Risk perception is an essential and integral part of most strategic and executive decision-making. This is because such decisions typically reflect the medium to longterm future success of the organisations to which they apply. Risk perception reflects the subjective awareness and judgement of risk by individual executives. The effectiveness of any risk decision exercised by these professionals is affected by how they perceive that risk. Within the construction sector, such decisions involve large capital expenditures that can result in adverse financial outcomes if the risk component is not perceived and judged right. Earlier work done in the field of psychology indicates that individual perception of any risk situation differs based on their circumstance. The circumstances of construction professionals could be accounted for by their discipline, career, educational attainment, as well as their personal attributes.
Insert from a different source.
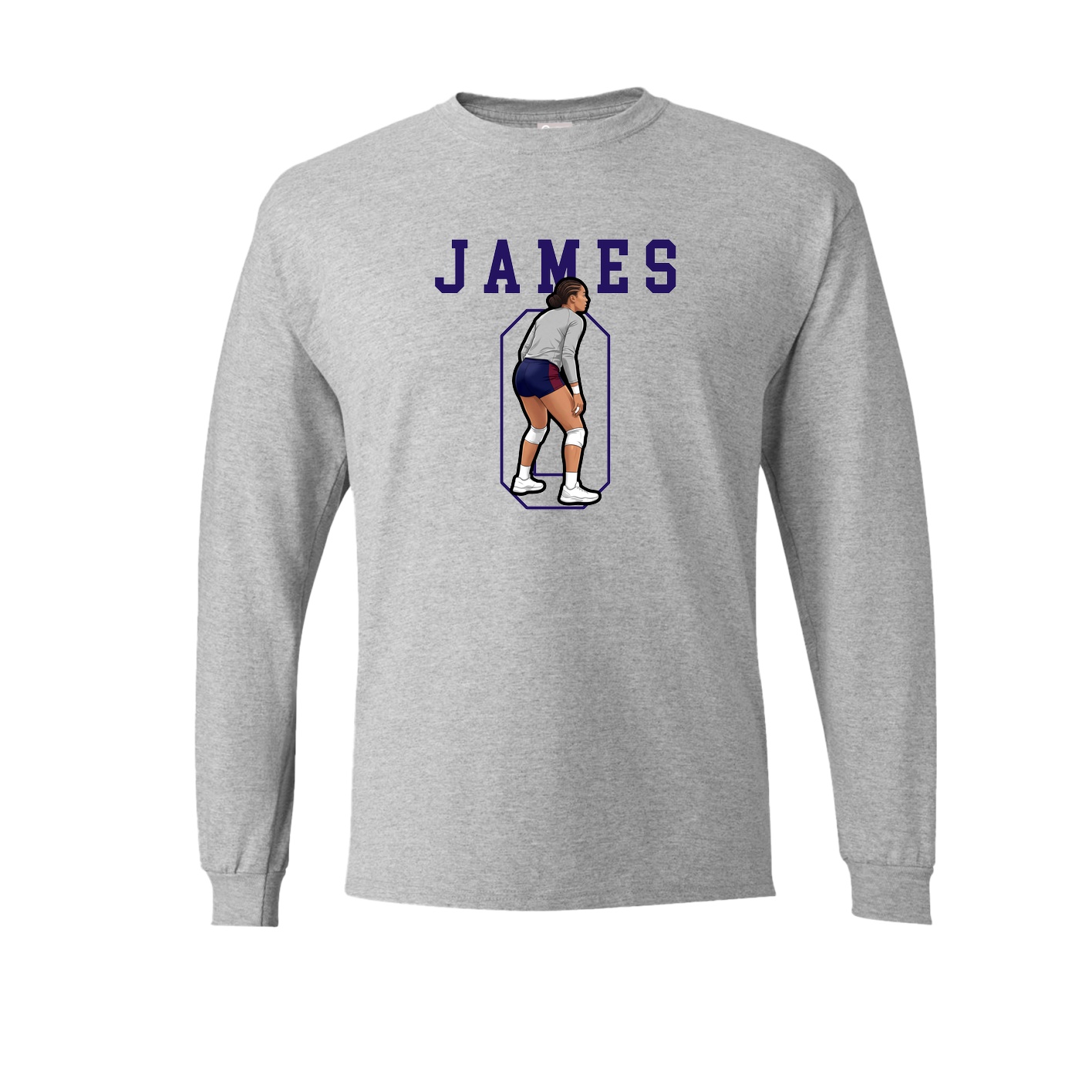 Long Sleeve Tee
Establishing how the circumstances of professionals create a difference in their perception can be valuable for enhancing risk management practice. The important question posed here relates to the degree of explanation in risk perception that can be associated with such differential factors. The paper presents a review of extant literature to establish the key concepts and essential theories on developments in risk perception. The review conducted culminated in a conceptual model for investigating the nature and degree of differentials in risk perception of construction professionals. The conceptual model shows the relationship between the risk perception and its determinants. A quantitative approach would be adopted, using a survey to capture information that can be used to measure the variables from three different groups of professionals in the road section working in public sector consultancy. The consideration of the influence of individual risk perception presents a radical departure from the conventional approach to risk management. It forms part of a broader study that explores the potential for applying the radical approach of perception differentials that embraces the practitioner as key to achieving improvement in risk management efforts.